• **What the task asks**
Word for word, reproduce each line of the data below, omitting every image.

• **Dataset excerpt**
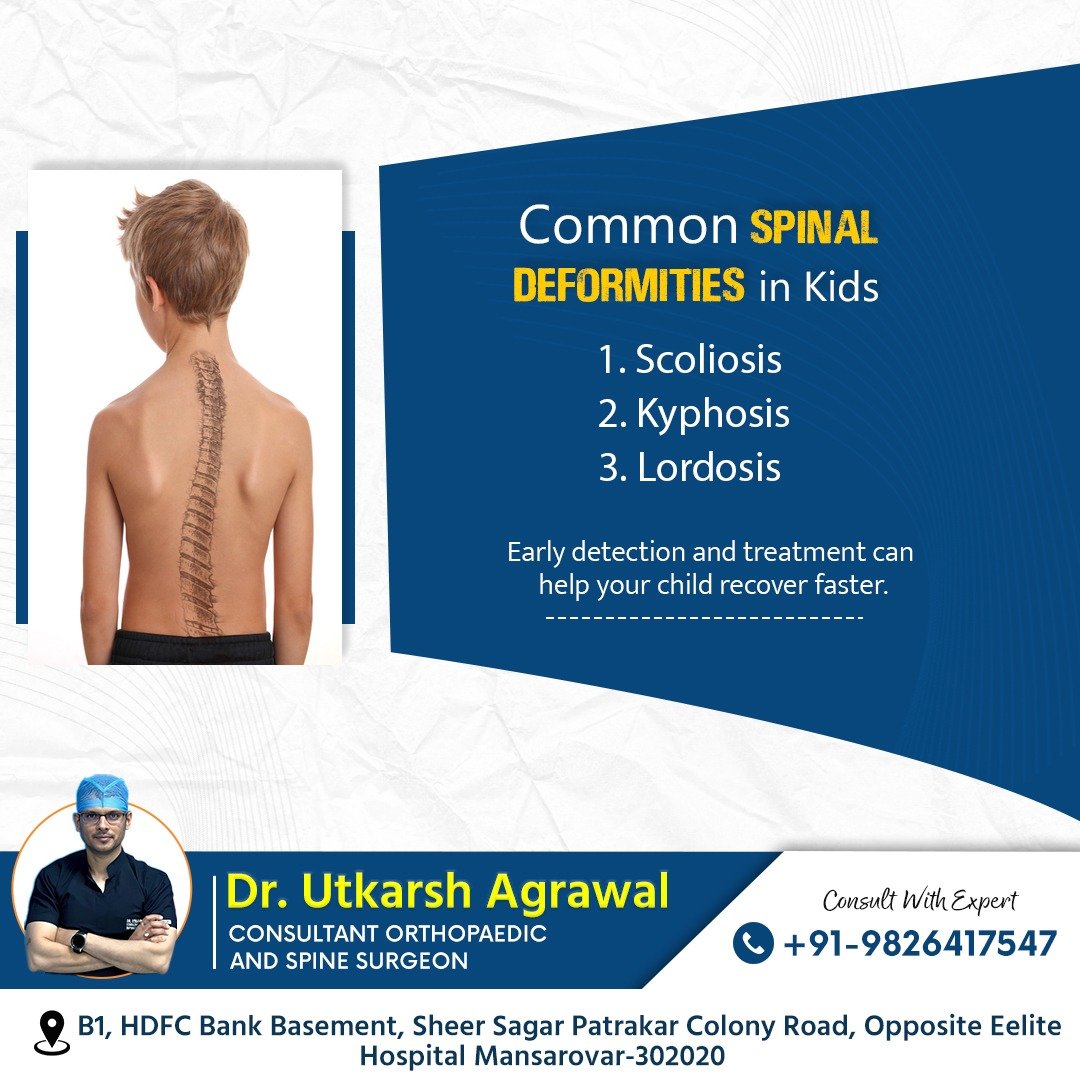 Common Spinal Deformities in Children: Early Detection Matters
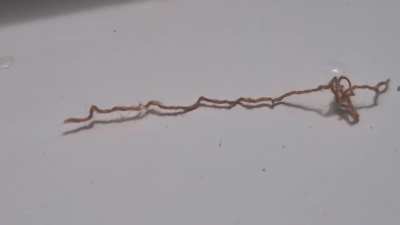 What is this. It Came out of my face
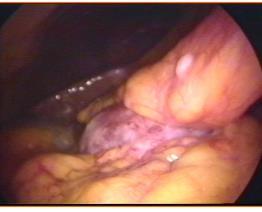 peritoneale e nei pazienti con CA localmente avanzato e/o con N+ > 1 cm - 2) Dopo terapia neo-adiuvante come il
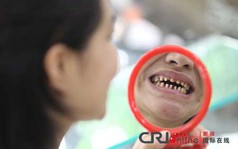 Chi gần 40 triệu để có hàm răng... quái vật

• **Output for this exercise**
 Common Spinal Deformities in Children: Early Detection Matters
 What is this. It Came out of my face
 peritoneale e nei pazienti con CA localmente avanzato e/o con N+ > 1 cm - 2) Dopo terapia neo-adiuvante come il
 Chi gần 40 triệu để có hàm răng... quái vật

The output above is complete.